The deck was stacked so heavily in A-Rod’s favor, none other than Reggie Jackson was predicting a re-writing of the record books. Not only were Rodriguez’s self-esteem and bat-speed restored, he was about to profit from the two most home run-friendly ballparks in the big leagues, Yankee Stadium and Citizens Bank Park.
To say the plan has strayed off course is putting it mildly. Rodriguez struck out three times against Lee while he was throwing a complete-game, 6-1 victory in the opener, and Martinez tacked on three more strikeouts in Game 2. Rodriguez never looked comfortable with Lee’s curveball and had just as much trouble identifying Pedro’s change-up.
If that wasn’t disturbing enough to the Yankees, A-Rod failed to handle Matt Stairs’ hard one-bouncer in the second inning Thursday night, allowing it to whistle under his glove to give the Phillies a 1-0 lead.
The Yankees consider themselves lucky that A.J. Burnett didn’t overreact to the momentary setback. Not only did the right-hander shake off another postseason meltdown, he flourished, striking out nine en route to a 3-1 win.
The Bombers clawed back into this Series for two irrefutable reasons: Burnett out-pitched Martinez and Joe Girardi bypassed his entire corps of set-up relievers in order to give Mariano Rivera a six-out save.
Clinging to a two-run lead, who else could Girardi trust? The Yankees didn’t do much with Pedro, but it was enough. Mark Teixeira refused to be fooled by one of Martinez’s change-ups and Hideki Matsui took advantage of a curveball that had too much of the plate. Both resulted in solo home runs, and both temporarily masked A-Rod’s invisibility.
The question, of course, is how long the Yankees can survive without a valid contribution from their cleanup hitter. Johnny Damon spoke for everyone in the clubhouse when he said, “we definitely have to pick (A-Rod) up” as Hamels is preparing a long night of illusory change-ups, his primary asset.
According to Fangraphs.com, last year’s Series MVP throws his change almost one out of every three pitches.

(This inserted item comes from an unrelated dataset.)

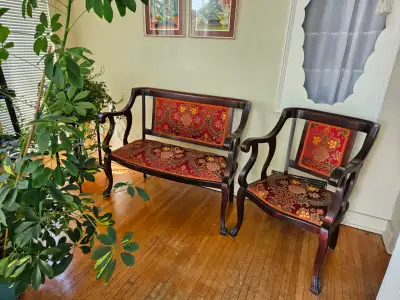 Charming Antique Settee and Chair for sale, View more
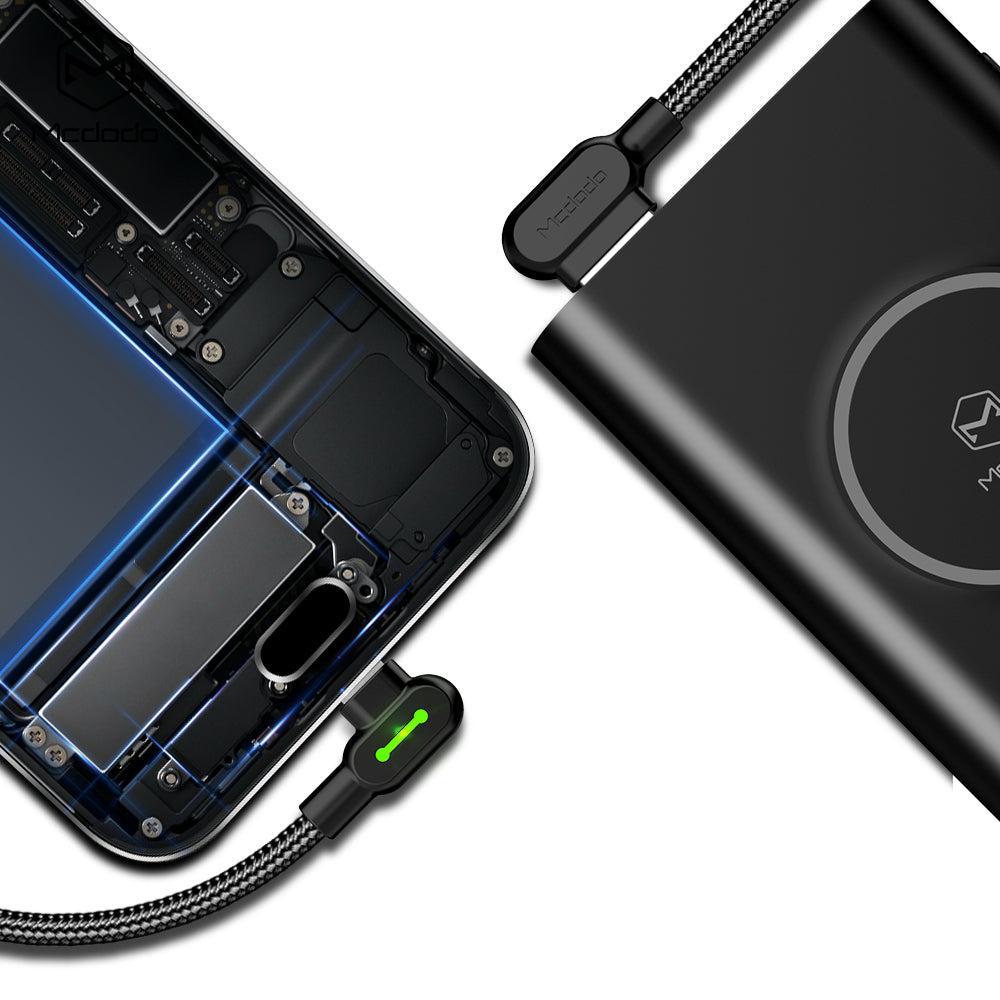 Mcdodo CA-5281 vino USB C–vino USB A -kaapeli, synkronointiin ja nopeaan lataukseen, LED, musta, 1,2 m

If the Phillies have learned anything about A-Rod so far, it’s that he can be exploited by an expanded strike zone — or, put more simply, he’ll chase bad pitches once he starts pressing.
The signature of a good change-up is that it’s rarely a strike by the time it lands in the catcher’s glove, so it’ll be Rodriguez’s challenge to lay off what looks good one moment, but turns to poison an instant later. One factor in his favor is that Hamels isn’t the threat he used to be: the National League’s OPS against him in 2009 was almost 100 points higher than it was in 2008.
Then again, A-Rod’s struggles usually have less to do with who’s pitching than what’s going on in his head. In past years, eight difficult at-bats would’ve been enough to ruin Rodriguez for all of October. This year, however, he has the memory of the Division and League Championship Series to reassure him.
At least that’s what the Yankees are hoping.
“Alex has been killing the ball,” said Derek Jeter. “To me, it’s kind of hard to say it’s a slump when you’re hitting against Lee and Pedro. It’s hard to over-analyze that.”
For his part, Rodriguez seems just as upbeat as he was a week ago, laughing and joking with the rest of the Yankees as they went through a one-hour workout at Citizens Bank Park on Friday. Like the rest of his teammates, A-Rod spent the day mocking the Yankees’ pitchers taking batting practice.
But Game 3 looms, and with it the reality that the Yankees have already lost the home-field advantage to the National League champs. If the Bombers intend to dethrone the Phillies, they’ll need A-Rod to crush a few of those change-ups, not to mention a lingering ghost or two.